Eye For Film >> Movies >> The Shameless (2024) Film Review
The Shameless
Reviewed by: Richard Mowe
As a “foreigner” Bulgarian director Konstantin Bojanov takes on a challenging task with The Shameless, shooting in a foreign language (Hindi), a foreign country (India) and, as a male, dealing with a predominantly female-centric subject.
He started with the idea of making it as documentary but quickly abandoned the notion and concentrated instead on the story of Renuka, who escapes from a Delhi brothel after killing a policeman and seeks refuge in a community of sex workers in a small town in northern India. There she develops a forbidden lesbian romance with Devika, a young girl who has been condemned to what will be a life of prostitution.

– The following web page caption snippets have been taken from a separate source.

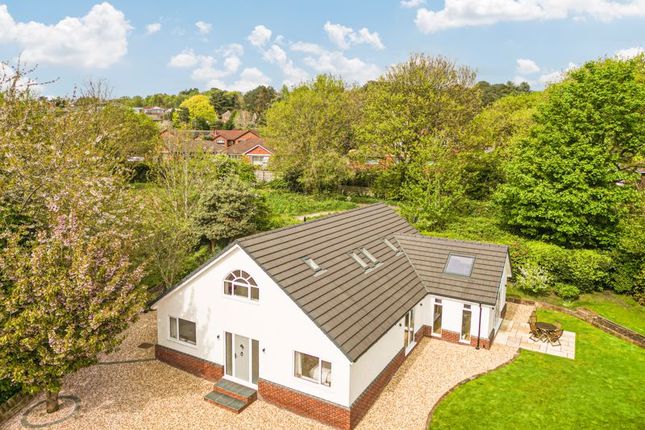 5 bed detached house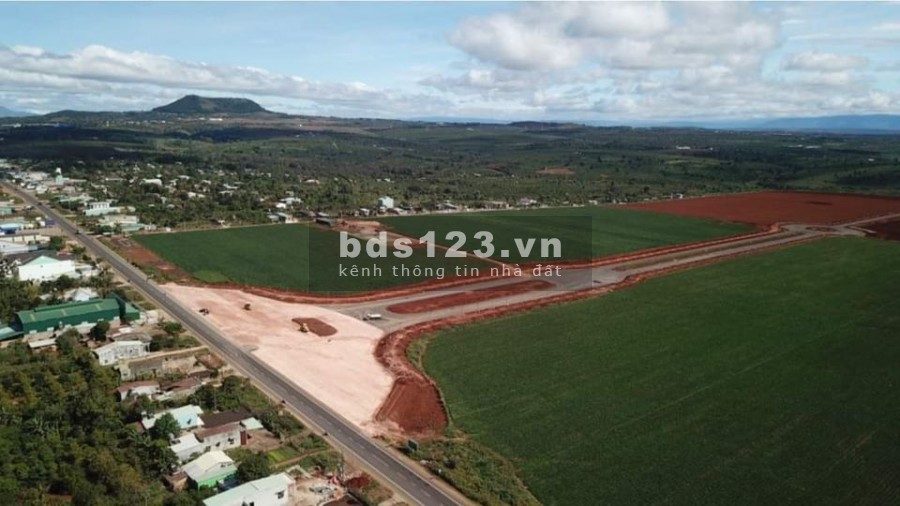 Bán 300m2 đất thổ cư liền kề KCN lớn Nhất Tây Nguyên chỉ 3xx triệu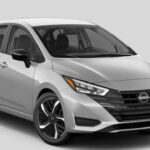 En un mercado cada vez más caro, el Nissan Versa representó durante años el acceso honesto al coche nuevo. Con un precio ajustado y una propuesta sencilla, fue clave para estudiantes y familias trabajadoras. Pese a un fuerte crecimiento en ventas, Nissan ha decidido priorizar SUV y eléctricos, dejando huérfano el segmento más básico.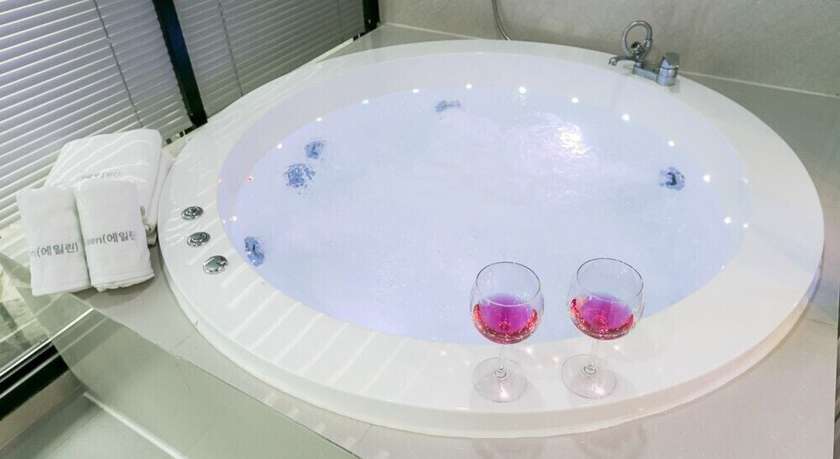 Imagen de la habitación del Hotel Aileen Pension. Foto 16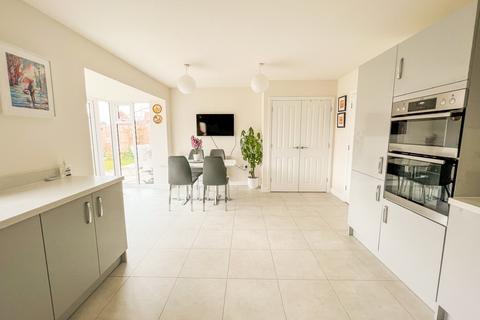 10 Regatta Road, Burnham-on-crouch, CM0 8FZ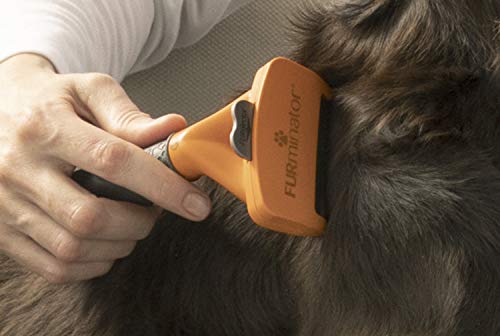 FURminator® Undercoat deShedding Tool para perros medianos de pelo largo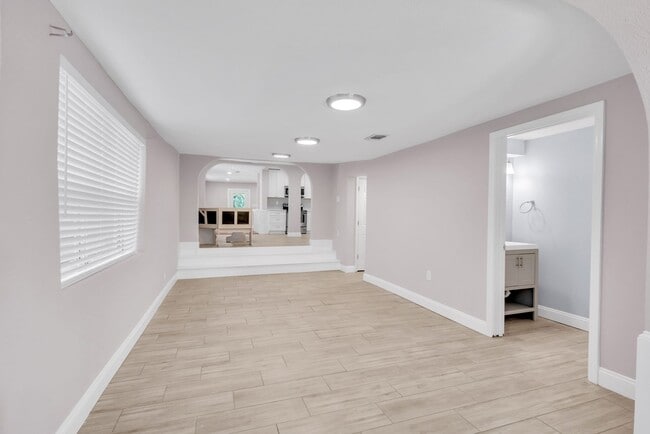 Building Photo - Charming & Deceptively Spacious 4BR Home in South Seminole Heights – Fully Renovated!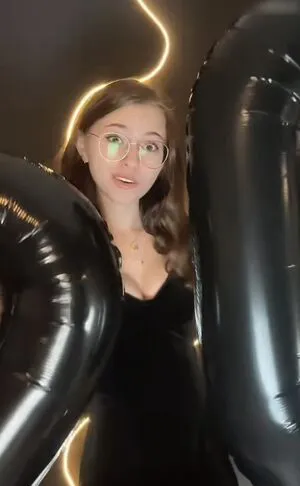 Anna Kauer OnlyFans Leaked Free Thumbnail Picture - #yev2laEQ07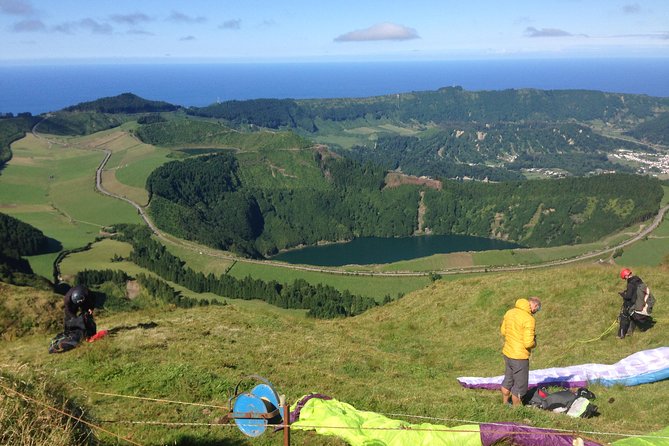 Scenic Trails of Sete Cidades: Half-Day Jeep Adventure - How the pace feels: timing, weather surprises, and the guide factor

The two women at the core of the narrative could not be more different: the older Renuka (a remarkable and award-winning performance from Anasuya Senguypta) emerges as hardened and ambitious while the younger Devika (Omara Shetty) is well contrasted as disillusioned and pliable with vague thoughts of becoming a rap star.
A series of complications ensue as the relationship ripens. One of the clients is a controlling Hindu Nationalist politician (Ronit Kokate). Meanwhile Devika’s family have put a price on her virginity and men across the neighbourhood already are salivating at the prospect.
Bojanov draws not only a sensitive portrait of the bond between the two women but also exposes the dynamics of a deeply conservative and religious society which in the land of Bollywood rarely is examined on screen with such a frank and uninhibited gaze from an “outsider".
Originally the director had considered using this and similar material to make a feature-length documentary but as his random filming progressed to find similar stories too the ones in William Dalrymple’s book Nine Lives: In Search of the Sacred in Modern India (written in 2009) whose rights he had a acquired, he came across the liaison between two women and decided to concentrate the focus on them.
Bojanov has produced an interesting body of work which share common themes of characters on the run from the documentary Invisible in 2005 as well as fiction feature Avé in 2011 about two troubled teens hitching a cross Bulgaria and more recently Light Thereafter (2017) with Barry Keoghan as a young man in search of his idol, the French painter Arnaud.
The Shameless proceeds at an uneven pace in places yet Bojanov uncovers a repressed and unequal society in which misogynistic attitudes have been cultivated across the generations, with undeniably forensic candour.